How to use artificial intelligence for forensic analysis and cyber investigation of audios

April 9, 2025

artificial intelligence for forensic analysis

Audio processing has experienced great achievements in recent years thanks to artificial intelligence (AI), especially in the field of Deep Learning and generative AI.

These advances have mostly focused on the music industry, allowing sound engineers and producers to separate vocals, instruments and other components of an audio mix with great precision, or in the world of cybersecurity where voice cloning has become a risk to be reckoned with, as we saw with our “Chucky” Alonso project and the “Are You Talkin’ ta me?” work we presented at RootedCON 2023.

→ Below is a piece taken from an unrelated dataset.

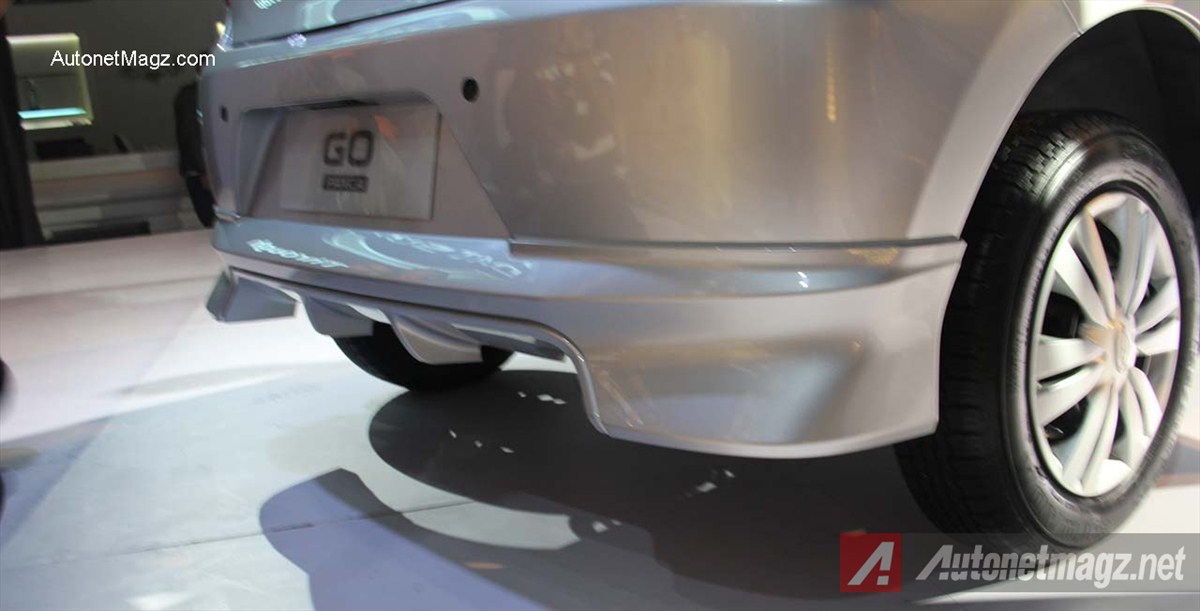 Datsun, Sensor-Parkir-Datsun-GO-Panca-Gratis-Aksesoris: First Impression Review Datsun GO Panca Hatchback 5 Seater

But this is not the only domain where we can apply these advances, in the world of Digital Forensics, the ability to separate different audio sources in a recording can be a disruptive tool for investigating and obtaining sound evidence, taking the resolution of all kinds of cases to another level. This is a good example which demonstrates the use of AI in the world of cybersecurity. And if you want to learn more about how to apply AI in Cybersecurity, this book is a good start:

Audio track separation allows forensic investigators to analyze recordings in detail, isolating specific sounds such as voices in a crowd, background noises at a crime scene, car and train noises, or isolating electronic interference in communications for greater clarity. These capabilities significantly improve the quality of sound evidence (e.g. for deciphering conversations), leading investigators to present more accurate analysis in legal and investigative contexts, which in the end will help solve the case with even more conclusive new evidence.

How does it work?

Audio source separation using AI has is a fairly advanced process, already using a variety of AI architectures in general and also Generative AI. Some of these architectures are:

Convolutional Neural Networks (CNN): this is possibly the most widely used, as they are the basis for processing audio spectrograms (the data source is ultimately images, specifically spectrograms). These networks can identify complex patterns and distinguish between different types of sounds in a mix.

Recurrent Networks (RNN) and LSTM: Perfect for processing temporal sequences, these networks capture the temporal dynamics of audio, improving separation accuracy on tracks that tend to vary over time.

Transformers: this architecture is the most widely used today in a variety of AI projects, and is also applied in audio segmentation for a wide range of functions.

Generative AI: Tools such as GANs (Generative Adversarial Networks) can be used to generate synthetic audio samples to then improve the models that are dedicated to separation, increasing the diversity and quality of the training data.

Revolutionizing cyber investigation and forensic audio analysis

In digital forensics, audio separation is a tool that offers a game changer in obtaining dramatic results in an investigative environment. As I discussed earlier, it allows investigators to break down complex recordings into more manageable components, making it easier to identify events, identify key noises or voices in situations with high ambient noise.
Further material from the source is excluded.